Markets took a beating Aug. 1 after fresh escalations in the U.S.-China trade. They were also already down on July 31, after investors struggled to interpret Fed Chair Jerome Powell’s comments about future Fed moves.
“Financial conditions are becoming much more important now,” Brusuelas says. “Excluding housing and tech, financial conditions are negative. They’re a drag on growth. When you get that sort of volatility in financial markets that we’ve seen caused by the trade wars and tariffs, upper and middle-income households are notoriously sensitive to swings in equity prices. It will tend to slow the pace of spending.”
A tale of two economies
It’s a “tale of two economies right now,” Brusuelas adds. “The American consumer is propping us up,” but other aspects, such as investment and manufacturing, are weakening.
“What’s driving things? It’s obviously trade policy,” Brusuelas says. “The best thing for the U.S. economy right now would be for President Trump to say that the trade balance has narrowed, declare victory and end the trade war.”
Even though the majority of the slowdown so far is happening among manufacturers, it’s still worth keeping an eye on, Anderson says.
“In economics, we track cyclical sectors — or sectors that tend to go up and down with the business cycle. Some of the most sensitive to overall economic activity are manufacturing,” Anderson says. “Those sectors tend to move first in a downturn. The timing can vary; these things don’t happen overnight, but I think the trends are in motion in that direction, as long as this uncertainty continues to escalate from the trade war.”
Economists are looking to Fed policymakers to see what they can do to offset any of the negative impacts from the trade war. But Powell indicated in a recent speech at a monetary policy symposium in Wyoming that even Fed officials are struggling to respond to tit-for-tat tariff wars.
There are “no recent precedents to guide any policy response to the current situation,” Powell said. “Monetary policy is a powerful tool that works to support consumer spending, business investment and public confidence, it cannot provide a settled rulebook for international trade.”
“They’re not making a lot of promises that the Fed is going to be all that effective to offset the risks from the trade war,” Anderson says. “What I worry (about) is, we don’t have the right tools or enough tools in place, both in fiscal and monetary policy, to handle a sharp recession. The Fed can soften the impact, but whether they can stop this freight train is another story.”
It’s a good time to start preparing for the end of the business cycle, Brusuelas says. For consumers, that means paying down high-cost debt, boosting your emergency savings and identifying ways that you can cut back in the event of a sudden loss of income.

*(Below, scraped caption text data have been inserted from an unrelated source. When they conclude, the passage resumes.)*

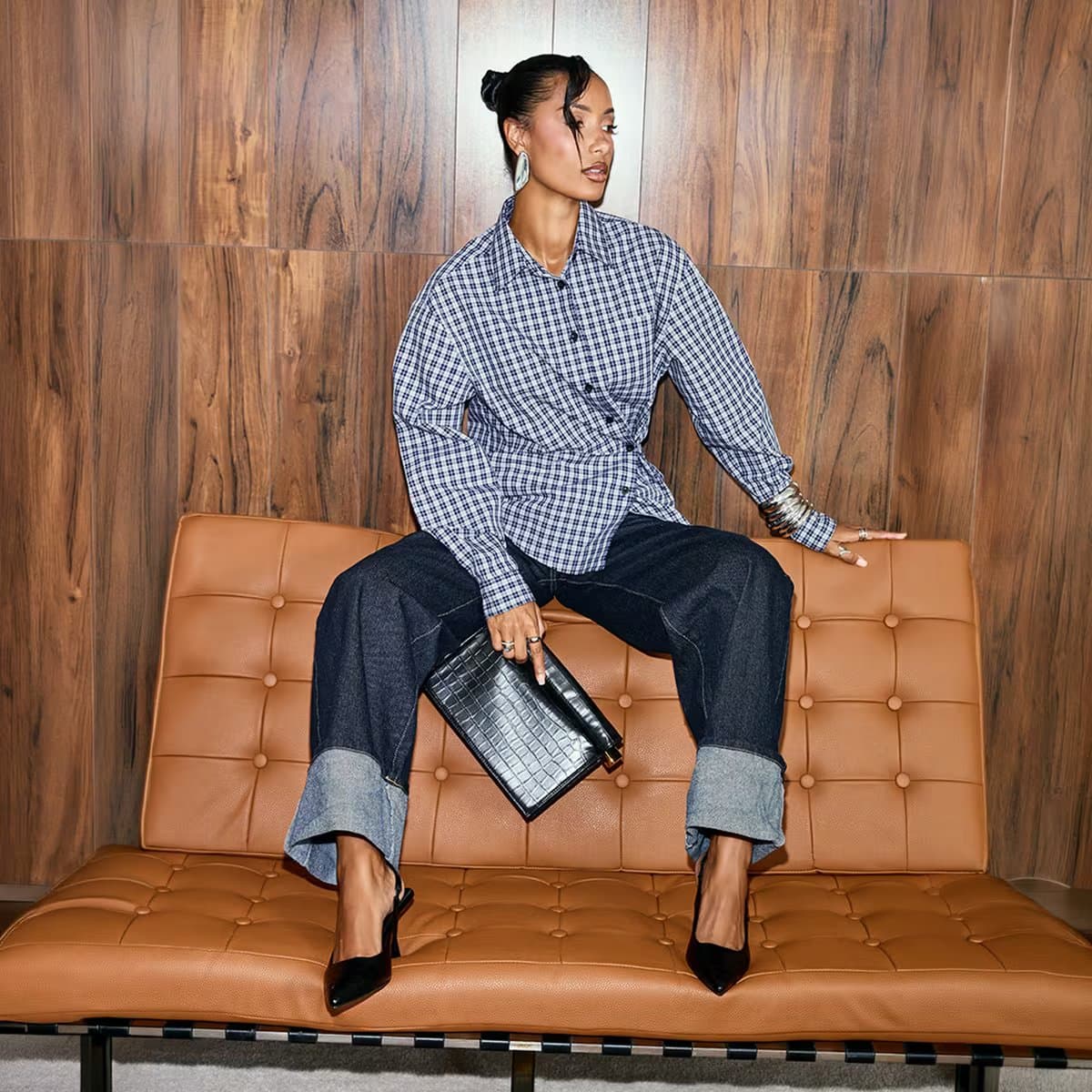 EGO Long Sleeve Asymmetric Button Cinched Waist Collared Shirt In Navy Check Print, Women's Size UK 6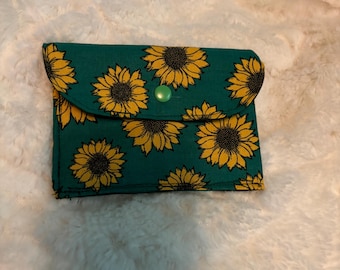 Handmade Sunflower Print Card Wallet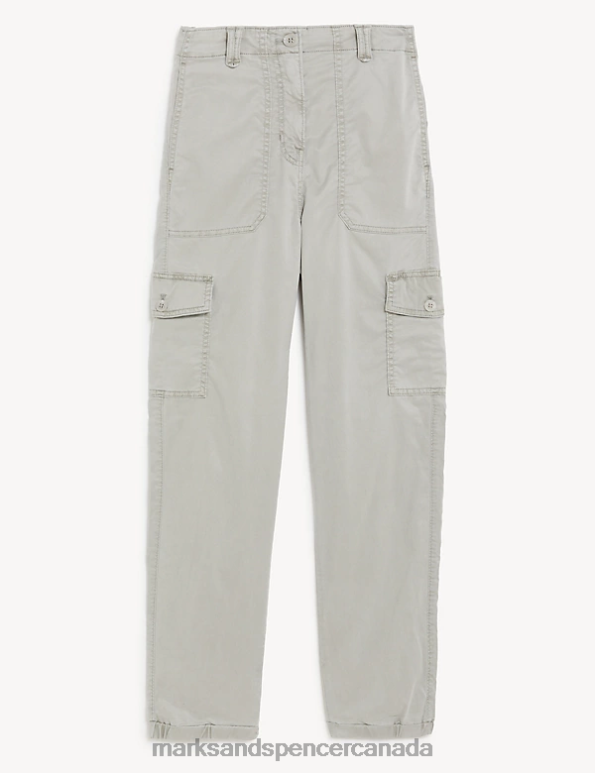 Marks and Spencer Canada - Women Light Grey Clothing Marks & Spencer Lyocell Rich Cargo Tea Dyed Trousers 20VTD614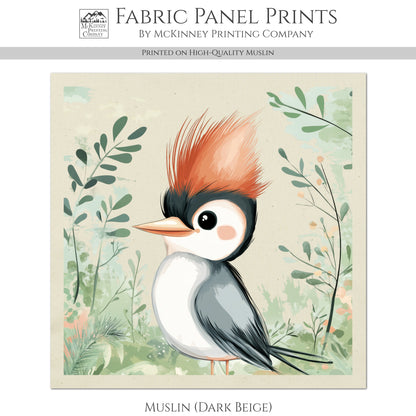 Woodpecker - Woodland Animal Fabric, Baby Fabric Panels, Forest, Nursery Décor, Quilt Block, Wall Art, Cotton, Quilting
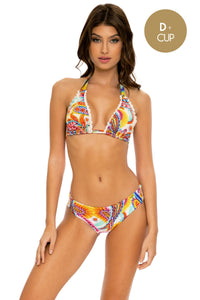 SUMMER LOVE - Triangle Halter Top & Seamless Full Ruched Back Bottom • White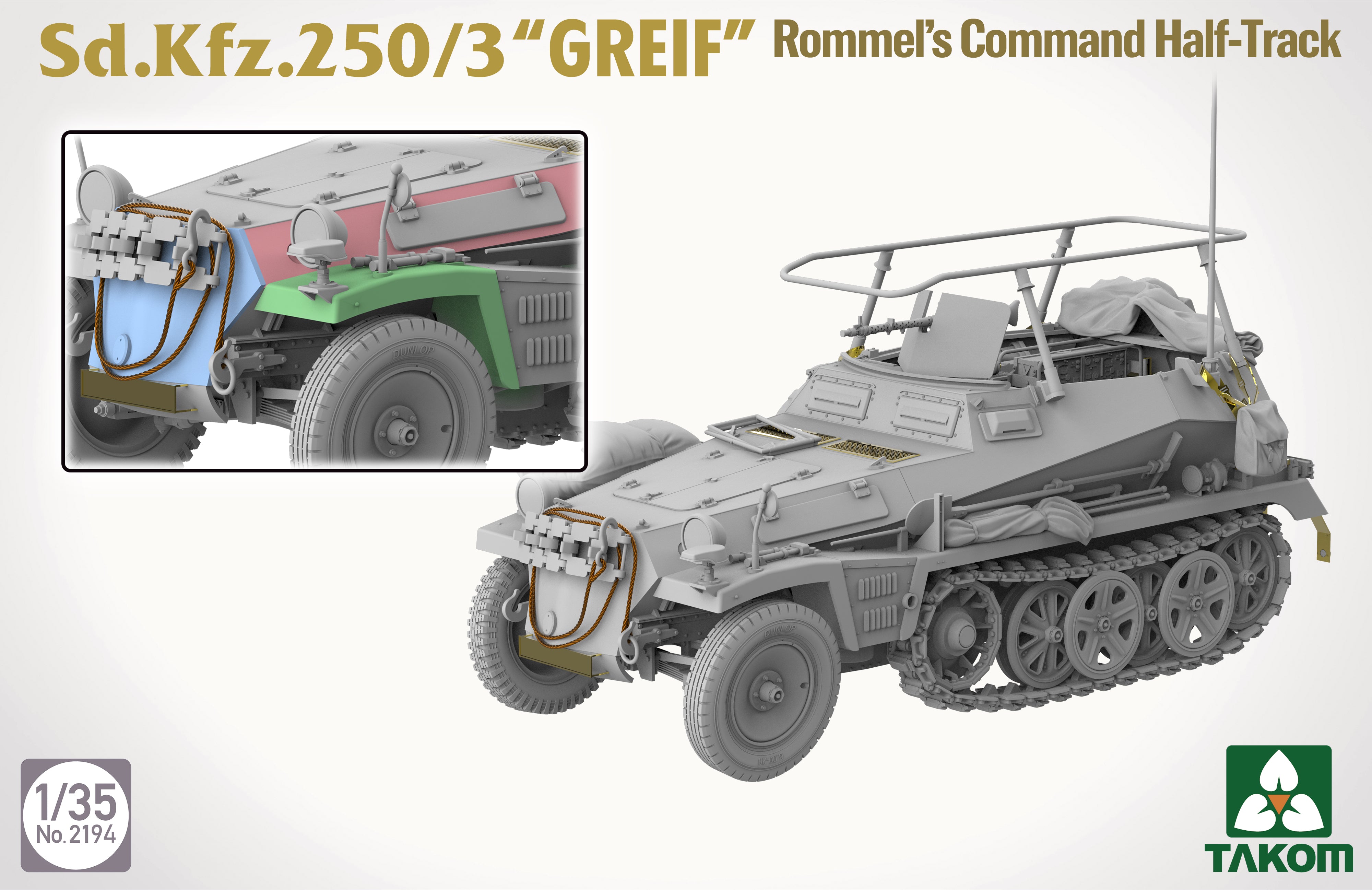 Takom 2194 Sd.Kfz.250/3 "GREIF" Rommel's Command Half-Track 1/35 Model Kit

A recession, however, doesn’t look like it’s immediately around the corner, Anderson says. But a growth slowdown and market volatility is to be expected more than 10 years into the economic expansion as market participants navigate choppy waters from the trade war that can change any given day.
“We’re in a fragile situation,” Anderson says. “The consumer has a lot of momentum, and it would take several months for further weakening to get to the danger zone in terms of economic growth, but that doesn’t mean we can’t be there a year or a year-and-a-half down the road. It’s getting harder and harder to point to what the good news is.”